4. Le pourvoi de M. A... tend à l’annulation d’une ordonnance rendue, sur le fondement des dispositions de l’article L. 522-3 du code de justice administrative, par la juge des référés du tribunal administratif de Caen. Aucun texte ne dispense un tel pourvoi de l’obligation de représentation par un avocat au Conseil d’Etat et à la Cour de cassation. Le pourvoi de M. A..., dont la demande d’aide juridictionnelle a été rejetée, n’a pas été présenté par un avocat au Conseil d’Etat et à la Cour de cassation, alors que la notification de l’ordonnance attaquée faisait mention de cette obligation.
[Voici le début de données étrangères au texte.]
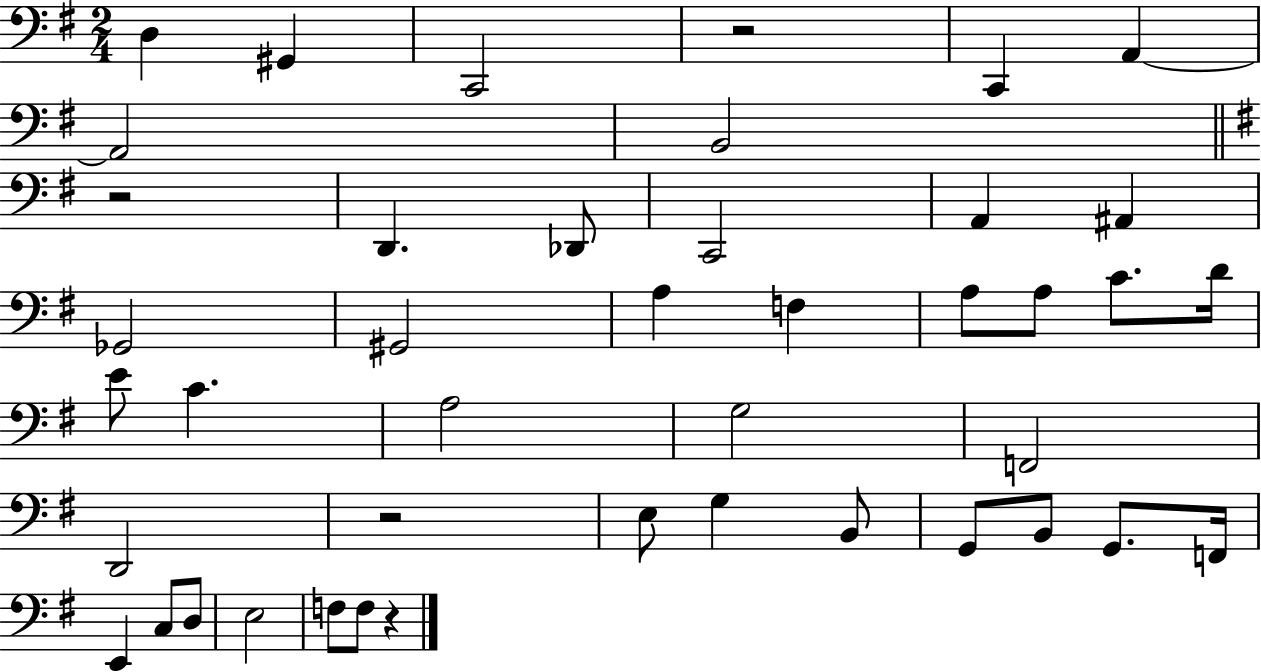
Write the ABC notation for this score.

X:1
T:Untitled
M:2/4
L:1/4
K:G
D, ^G,, C,,2 z2 C,, A,, A,,2 B,,2 z2 D,, _D,,/2 C,,2 A,, ^A,, _G,,2 ^G,,2 A, F, A,/2 A,/2 C/2 D/4 E/2 C A,2 G,2 F,,2 D,,2 z2 E,/2 G, B,,/2 G,,/2 B,,/2 G,,/2 F,,/4 E,, C,/2 D,/2 E,2 F,/2 F,/2 z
Dès lors, ce pourvoi n’est pas recevable et ne peut être admis.




ORDONNE :

Article 1er : Le pourvoi de M. A... n’est pas admis.

Article 2 : La présente ordonnance sera notifiée à M. B... A....
Copie en sera adressée au garde des sceaux, ministre de la Justice.


Fait à Paris, le 1er juillet 2026

Le président : Bertrand Dacosta




La République mande et ordonne au garde des sceaux, ministre de la Justice, en ce qui le concerne ou à tous commissaires de justice à ce requis en ce qui concerne les voies de droit commun contre les parties privées, de pourvoir à l’exécution de la présente décision.